Un cantante dovrebbe avere l'intelligenza di capire quando è il momento di dare una svolta al repertorio. 

   Sì, ma non è affatto semplice, anche perché la tua reputazione nell'ambiente è legata a un certo tipo di opere e personaggi e i teatri continuano a chiamarti per quelli. Bisogna avere la forza per proporsi anche sotto nuove vesti. Ad esempio io ho cantato Salome per tantissimi anni ma a un certo punto ho deciso che non era più opportuno che la facessi e sono passata a Erodiade. Poi ci sono altri personaggi come Kundry che posso cantare ancora senza problemi, ma non vale per tutti.

Lei è stata anche un’apprezzata Crisotemide, mentre non ha mai affrontato Elektra.

   No, ma ci sono andata molto vicina, poi per una serie di contingenze saltò la produzione in cui avrei dovuto cantarla. Tenere in repertorio questi ruoli impone anche dei problemi di abbinamento: bisogna scegliere con attenzione le opere da avvicendare, perché mettere in serie due personaggi con caratteristiche di scrittura vocale molto diverse può creare delle difficoltà. Ad esempio passare da Kundry a Marietta è disagevole, perché la prima ha una scrittura centrale che induce ad aprire e allargare la voce, mentre la seconda richiede una vocalità più sottile e una maggiore estensione. 

E a Clitennestra ci ha pensato?

   Mi piacerebbe molto farla, me l'hanno offerta in passato ma sfortunatamente alla fine è saltato tutto.

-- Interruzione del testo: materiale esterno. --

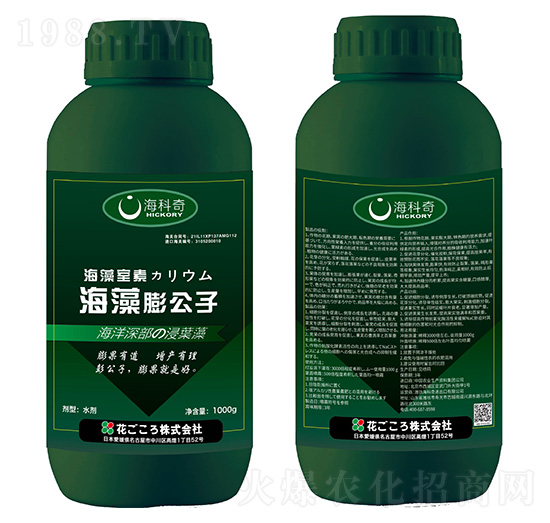 海藻膨公子-?？破? style=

Ci sono altre opere che vorrebbe cantare nei prossimi anni? 

   Vorrei allargare il mio repertorio in direzioni diverse. Come detto ho debuttato in Erodiade, poi dovrei affrontare Miss Grose nel Giro di vite di Britten. Cerco di capire quali sono i personaggi in cui posso entrare comodamente e quali invece mi sono preclusi, ma non è facile diventare improvvisamente la vecchia della situazione (ride).

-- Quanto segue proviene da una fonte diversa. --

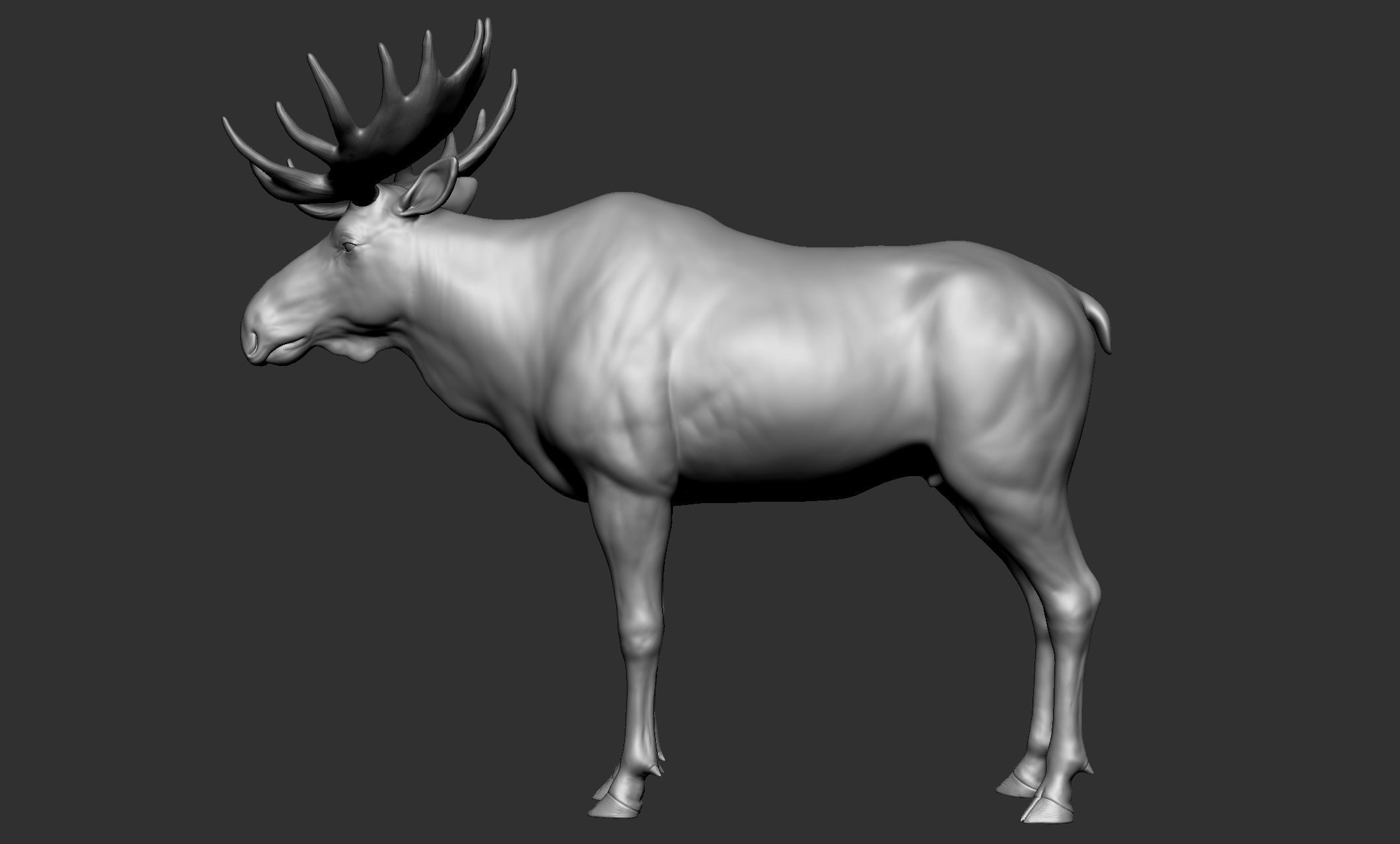 Wild animal collection - 10 animals VOL-3 3D model_22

Invece non ha mai affrontato repertorio italiano. Come mai?

Semplicemente perché c'è chi può fare quel repertorio meglio di me. Una volta Mortier mi propose di fare Elisabetta di Valois, così ho provato a studiarla ma ho capito presto che non si confaceva alle mie caratteristiche, quindi ho lasciato perdere. Certo mi sarebbe piaciuto molto cantarla, ma non credo che sarei stata brava quanto avrei voluto.

E tra i grandi registi c’è qualcuno che è stato più importante degli altri nel suo percorso.

Ho imparato molto da Christoph Marthaler. Lui ti incoraggia a trovare un tuo modo personale di interpretare un determinato personaggio, guardando ai dettagli e non al grande gesto. Nella scena finale dell’affare Makropulos dovevo stare ferma in piedi davanti al pubblico, quasi a raccontare la storia senza muovermi, il che non è per niente facile: bisogna essere molto concentrati per trovare la giusta intensità, visto che in un momento così drammatico la tentazione è inevitabilmente quella di sovraccaricare per esprimere di più. Lui mi insegnò a raggiungere questa intensità lavorando di sottrazione.

Ci sono cantanti del passato che ammira o che hanno influenzato la sua carriera? 

Sì, ce ne sono. Mortier diceva che gli ricordavo molto Hildegard Behrens e anch’io amavo molto la sua intelligenza nel lavorare il materiale musicale, poi adoro Janet Baker, anche per l'eclettismo del repertorio, e Anja Silja, quando stava sul palco non si poteva guardare da nessun'altra parte.

Nel farle la domanda precedente pensavo proprio alla Silja, lei la ricorda molto anche come approccio all’evoluzione del repertorio.

Ci ho anche cantato insieme e posso dire che è una “matta”, nel senso buono della parola, è una persona meravigliosa. È magnetica, ha questa capacità di stare sul palco e catturare l’attenzione della sala, è impossibile staccarle gli occhi di dosso.

Lei insegna?

Sì, ho degli allievi che vengono da me e faccio delle masterclass. Cerco di esplorare le diverse sfumature di questo mestiere, ad esempio il prossimo anno debutterò anche come regista.

Ah questo non lo sapevo.

Sì, la prima produzione sarà una Káťa Kabanová a Ulm e poi dovrebbe arrivarne anche una seconda, che però al momento non è ancora definitivamente stabilita.

A questo punto le manca solo la direzione d’orchestra.

Ci ho pensato e ho anche studiato per farlo, ma credo sia troppo tardi per iniziare in modo serio una carriera di questo tipo.